Open MPI logo

Open MPI User's Mailing List Archives

  |   Home   |   Support   |   FAQ   |   all Open MPI User's mailing list

Subject: Re: [OMPI users] mca_pml_ob1_send blocks
From: Shaun Jackman (sjackman_at_[hidden])
Date: 2009-09-14 13:55:35


Hi Jeff,

Jeff Squyres wrote:
> On Sep 8, 2009, at 1:06 PM, Shaun Jackman wrote:
> My INBOX has been a disaster recently. Please ping me repeatedly if
> you need quicker replies (sorry! :-( ).
>
> (btw, should this really be on the devel list, not the user list?)

It's tending that way. I'll keep the thread here for now for
continuity. If I start a new thread on this topic, I'll move it to devel.
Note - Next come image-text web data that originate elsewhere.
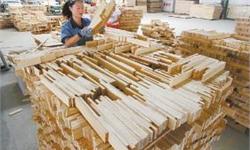 2018年木材加工行业发展现状分析 下游需求旺盛带动行业发展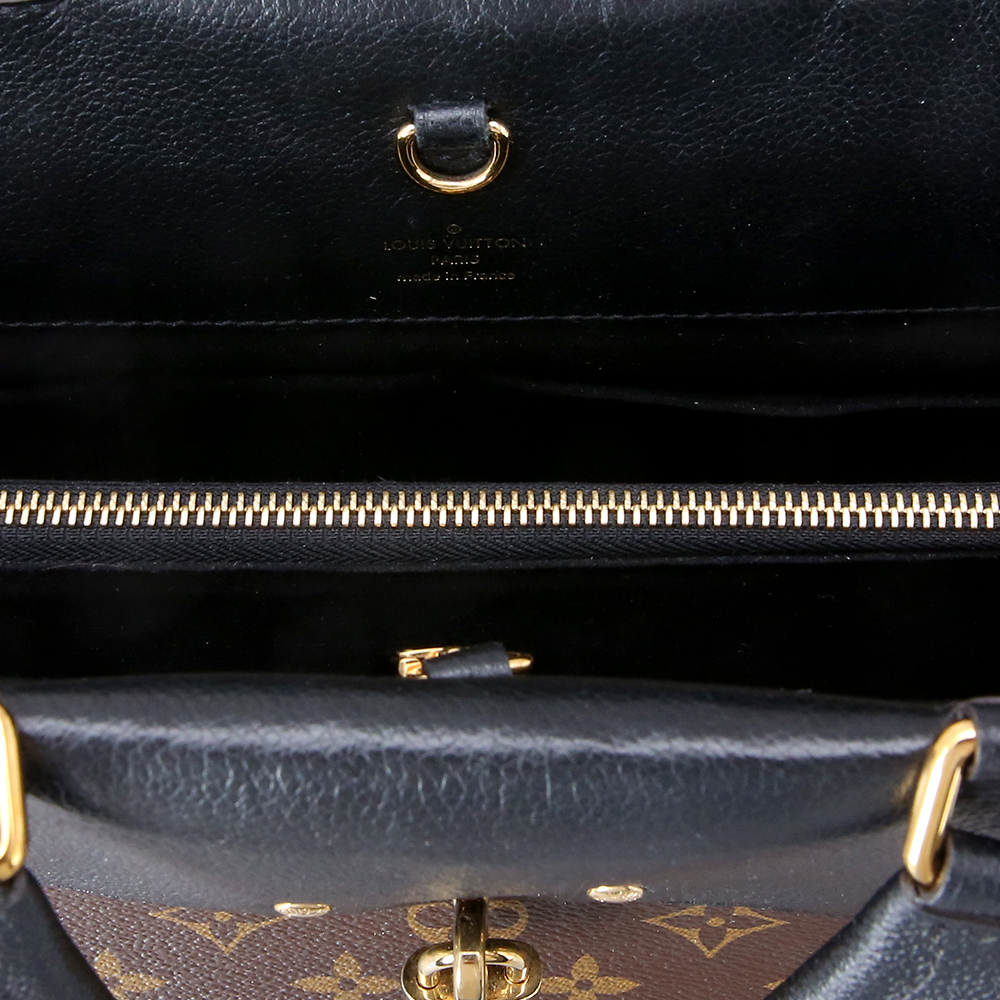 LOUIS VUITTON(USED)루이비통 모노그램 비너스 토트백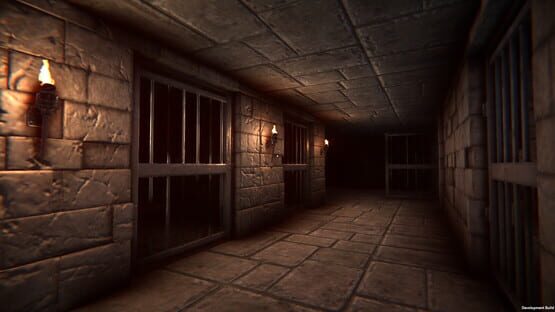 Screenshot The Lost Castle: Escape Room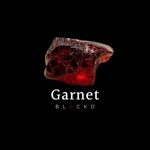 BLxCKD - Garnet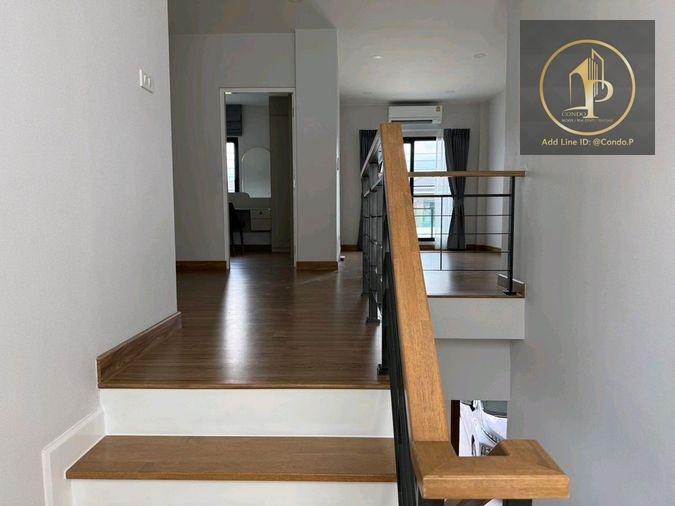 รูป 🏡#MT2609_041 🏡💥ด่วน💥ว่างชัวร์ รีบคลิก ก่อนหลุดมือ‼️ 𝗙𝗼𝗿 𝗥𝗲𝗻𝘁 6️⃣9️⃣k.🔥 ใกล้รถไฟฟ้าสายสีแดง โครงการ เซนโทร วิภาวดี - รูปที่ 14/39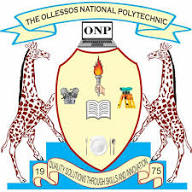 Ol’lessos National Polytechnic 2026 Intake| Requirements & How to Apply
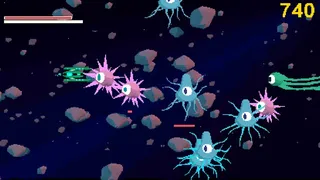 Скриншот 4 к игре Far From Orbit
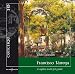 Tarrega / Tampalini - Complete Works for Guitar [CD]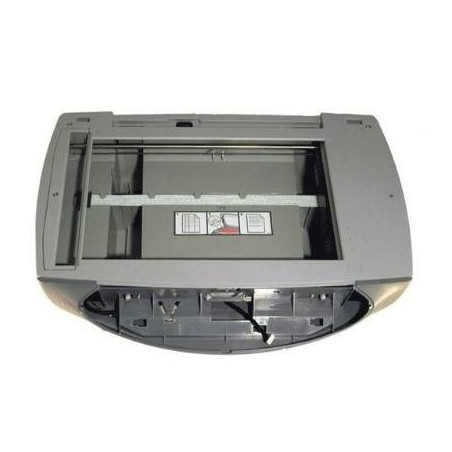 Flatbed Scanner Asm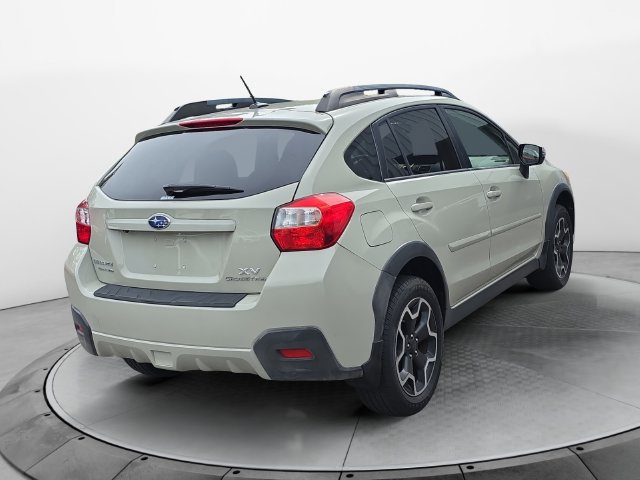 Used 2015 Subaru Crosstrek 2.0i Limited AWD/4WD image 5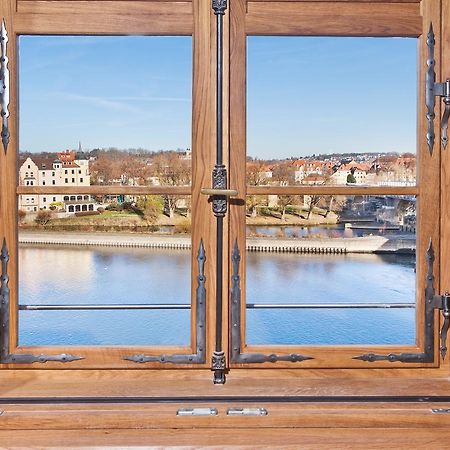 Hotel David An Der Donau Regensburg Exterior photo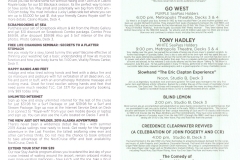 Cruise Compass Day 6 Page 2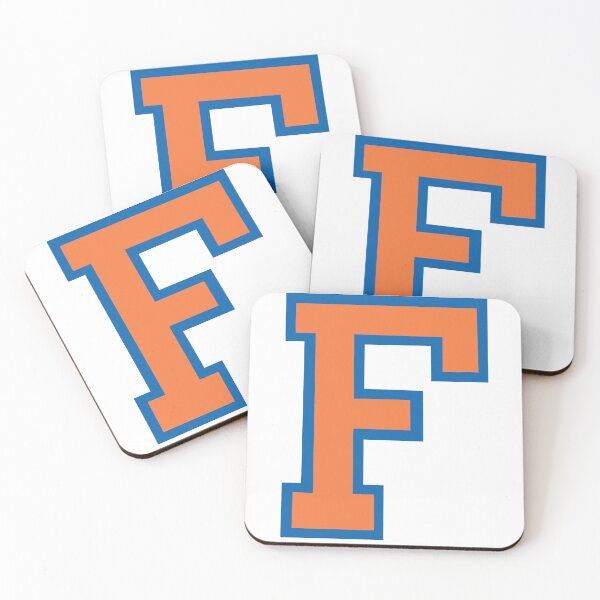 Item preview, Gator F Club designed and sold by Florida Girl Paper Co..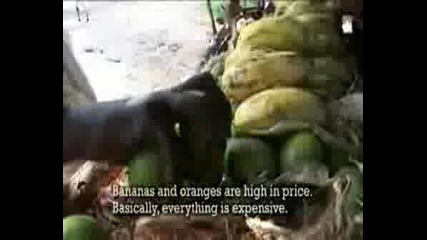 Rising Food Prices In Kenya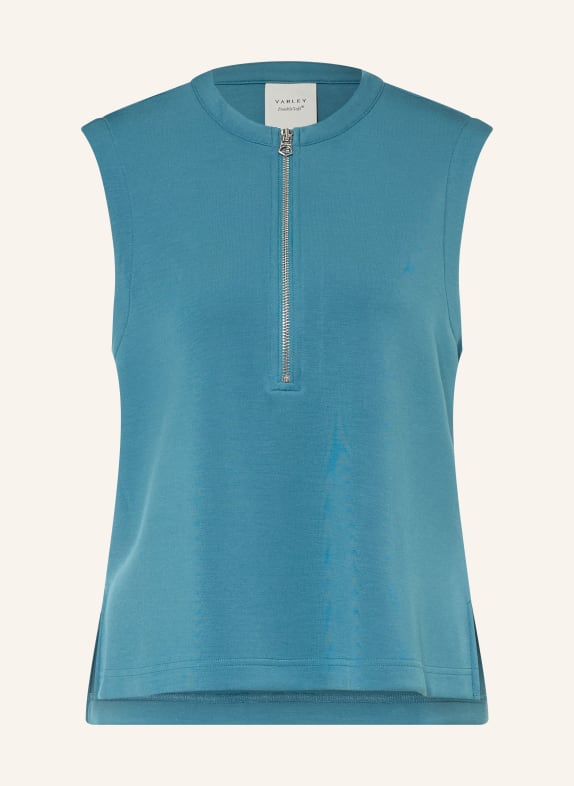 VARLEY Sweat-Troyer SIMMONS PETROL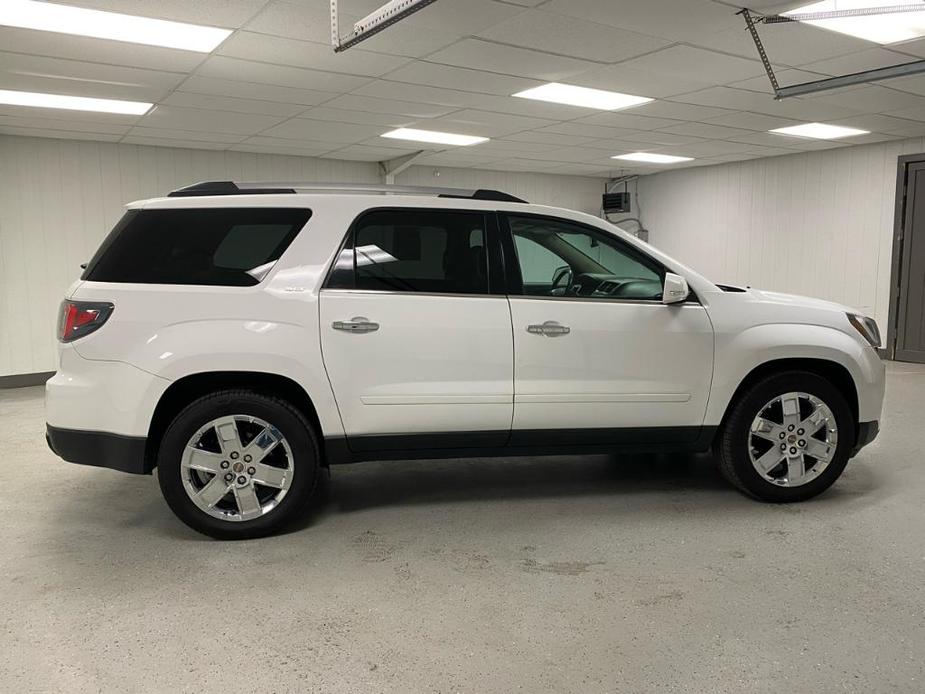 used 2017 GMC Acadia Limited car, priced at $12,995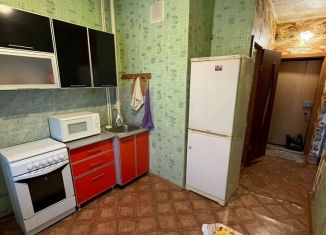 Сдается в аренду 1-ком. квартира, 33 м2, Саха (Якутия), улица Карла Маркса, 27/1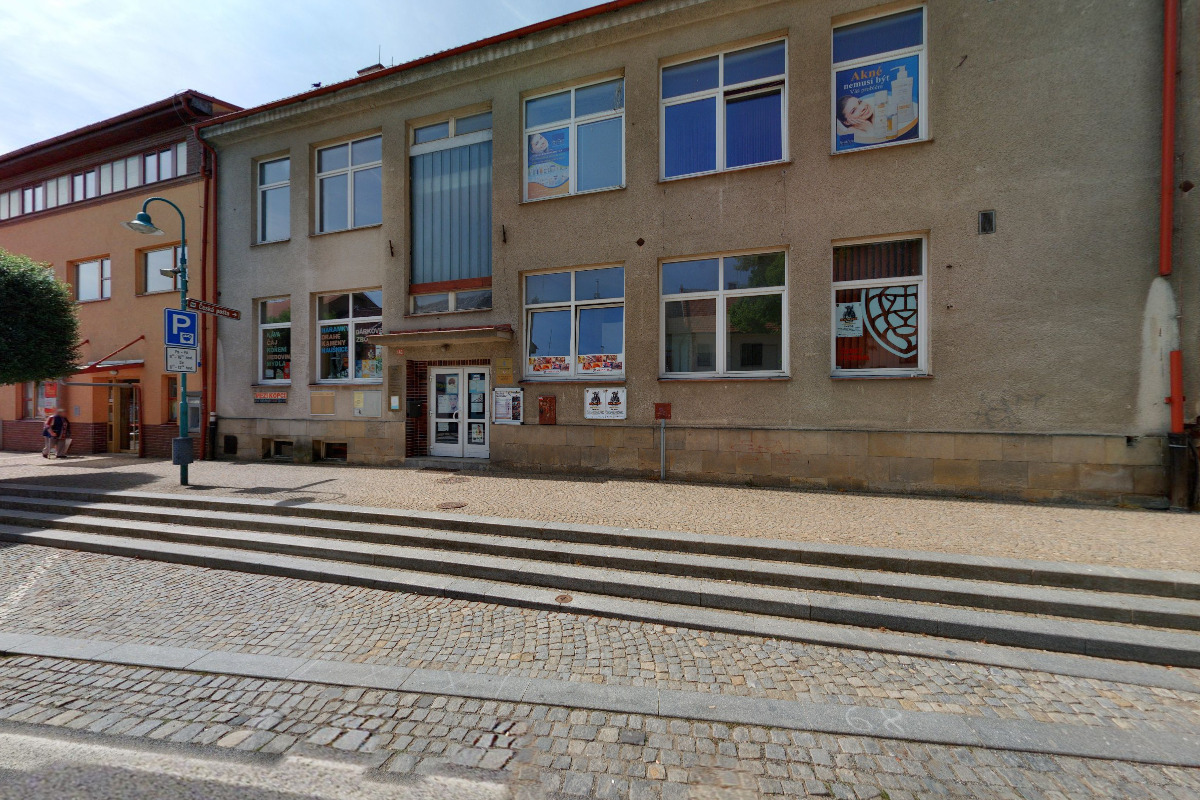 Misijní skupina Křesťanské společenství Bystřice nad Pernštejnem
>> I can see one sort of ugly scenario unfolding in my head. Consider two
>> processes running the following pseudocode:
>>
>> req = MPI_Irecv
>> while (!done) {
>> while (MPI_Test(req)) {
>> req = MPI_Irecv
>> }
>> MPI_Send(!me)
>> MPI_Send(!me)
>> }
>>
>
> Are the sends guaranteed to have matching receives elsewhere? If not,
> this has potential to deadlock on the whole assuming-buffering issue...

You're right that this is an erroneous program because there is only
one Irecv posted and two Send. Change the two MPI_Send to MPI_Bsend to
prevent deadlock, and the situation I'm describing below still applies.

> If you're expecting the sends to be matched by the Irecv's, this looks
> like an erroneous program to me (there will always be 2x as many sends
> outstanding as receives).
>
>> I'll describe one process here:
>> * MPI_Test checks req->req_complete, which is false, then calls
>> opal_progress (which finds two packets from the other guy).
>> * Send two packets to the other guy.
>>
>
> ...only if they're eager. The sends are *not* guaranteed to complete
> until the matching receives occur.
>
>> * MPI_Test checks req->req_complete, which is true, returns
>> immediately. No progress is made.
>> * MPI_Test checks req->req_complete, which is false, because no
>> progress has been made since the last call. Call opal_progress (which
>> finds two packets from the other guy).
>> * Send two packets to the other guy.
>>
>> * MPI_Test checks req->req_complete, which is true, returns
>> immediately. No progress is made.
>> * MPI_Test checks req->req_complete, which is false, because no
>> progress has been made since the last time. Call opal_progress (which
>> finds two packets from the other guy).
>> * Send two packets to the other guy.
>>
>> and loop.
>>
>> In each iteration through the loop, one packet is received and two
>> packets are sent. Eventually this has to end badly.
>>
>
> Bad user behavior should be punished, yes. :-)
>
> I'm not quite sure that I see the problem you're identifying -- from
> what you describe, I think it's an erroneous program.

With buffered sends, in each iteration through the loop two packets
will be sent and only one packet will be received due to
MPI_Request_get_status not checking request->req_complete after
calling opal_progress.

>> Following is an untested fix to request_get_status.c. It checks
>> req->req_complete and returns immediately if it is true. If not, it
>> calls opal_progress() and checks req->req_complete again. If
>> OMPI_ENABLE_PROGRESS_THREADS is defined, it only checks the once and
>> does not call opal_progress(). It would look better if the body of the
>> loop were factored out into its own function.
>>
>
> Hmm. Do you mean this to be in request_get_status.c or req_test.c?
> (you mentioned MPI_TEST above, not MPI_REQUEST_GET_STATUS)

I meant this code for MPI_Request_get_status. I just read the code for
ompi_request_default_test in req_test.c. It includes code very similar
to what I suggested for checking request->req_complete, calling
opal_progress and then checking request->req_complete a second time,
except that it implements the loop using a goto.

> Is this the optimization I mentioned in my previous reply (i.e., if
> req_complete is false, call opal_progress, and then check req_complete
> again?) If so, I think it would be better to do it without an if loop
> somehow (testing and branching, etc.).

Yes, and MPI_Request_get_status would then behave as MPI_Test does
currently. Is it not so crazy for MPI_Test to be implemented as calls
to MPI_Request_get_status and MPI_Request_free? It would eliminate the
code duplication.

Cheers,
Shaun